[Available data]
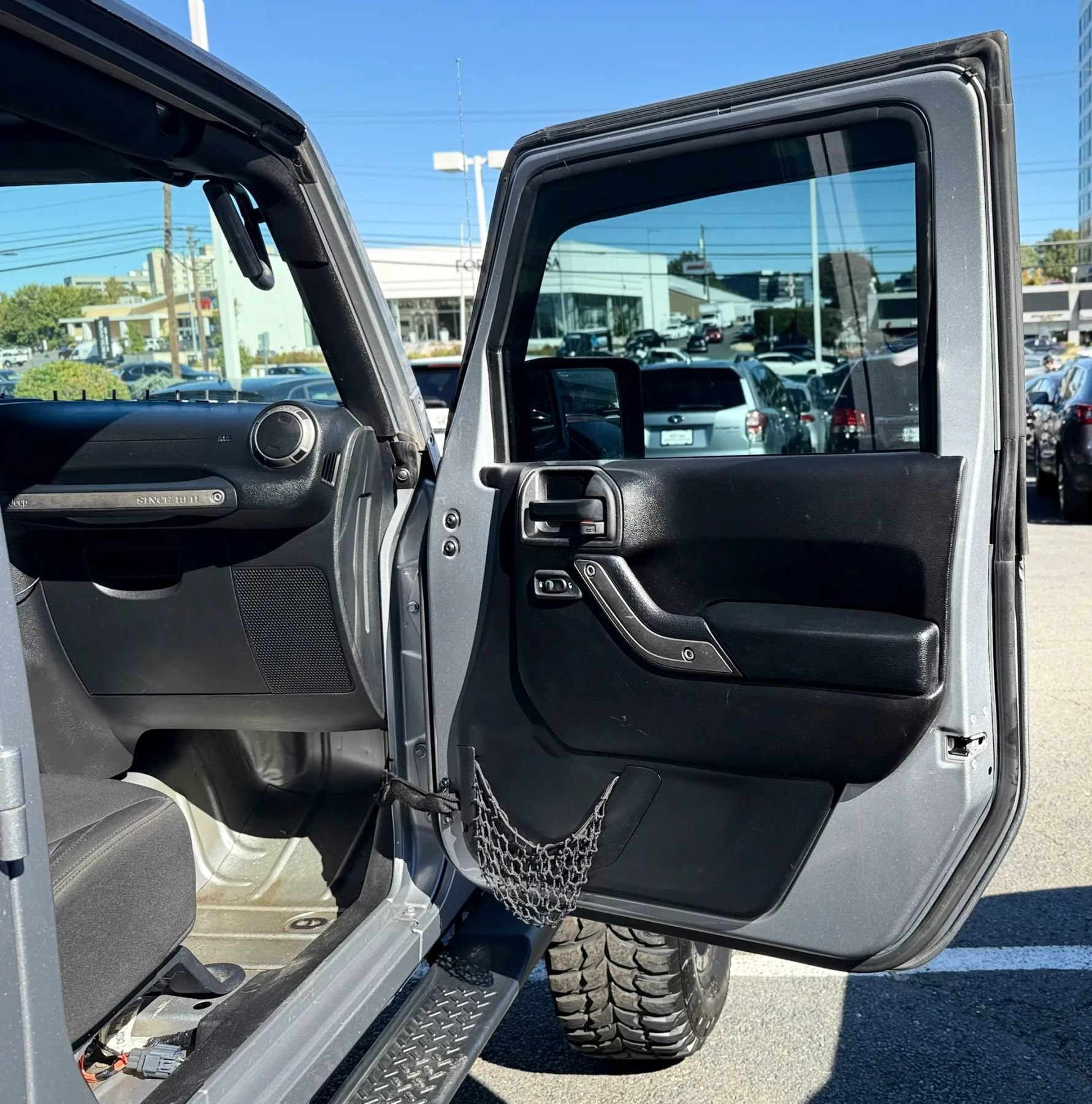 Used 2015 Jeep Wrangler Unlimited Sport AWD/4WD image 25
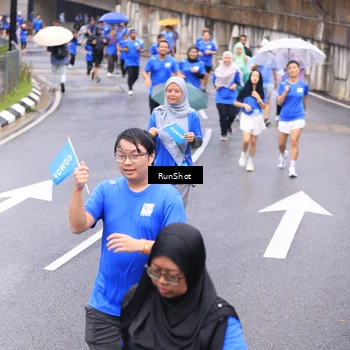 Runner Photo 7957025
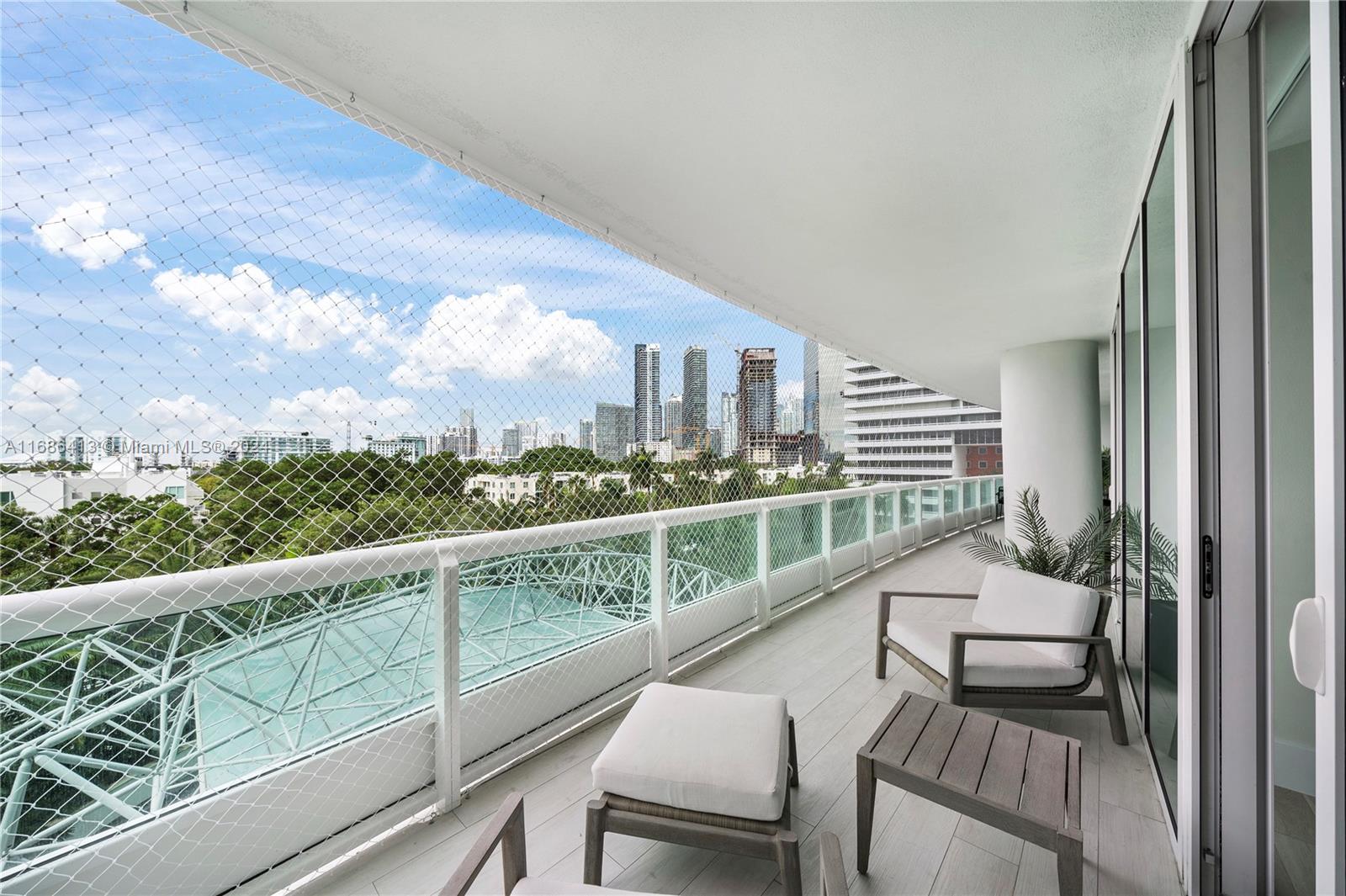 1643 Brickell Ave # 806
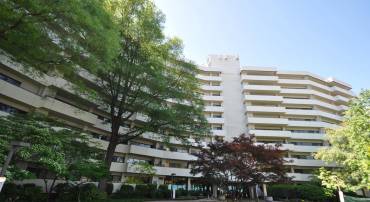 5300 COLUMBIA PIKE #807, ARLINGTON, Virginia 22204, 2 Bedrooms Bedrooms, ,2 BathroomsBathrooms,Residential,For sale,5300 COLUMBIA PIKE #807,VAAR2056796 MLS # VAAR2056796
[/Available data]
__Task brief__: Nothing but the lines from the one containing "1643 Brickell Ave # 806" through the last line of the listing should be copied, each word for word and without pictures.

__Expected answer__:
 1643 Brickell Ave # 806
 5300 COLUMBIA PIKE #807, ARLINGTON, Virginia 22204, 2 Bedrooms Bedrooms, ,2 BathroomsBathrooms,Residential,For sale,5300 COLUMBIA PIKE #807,VAAR2056796 MLS # VAAR2056796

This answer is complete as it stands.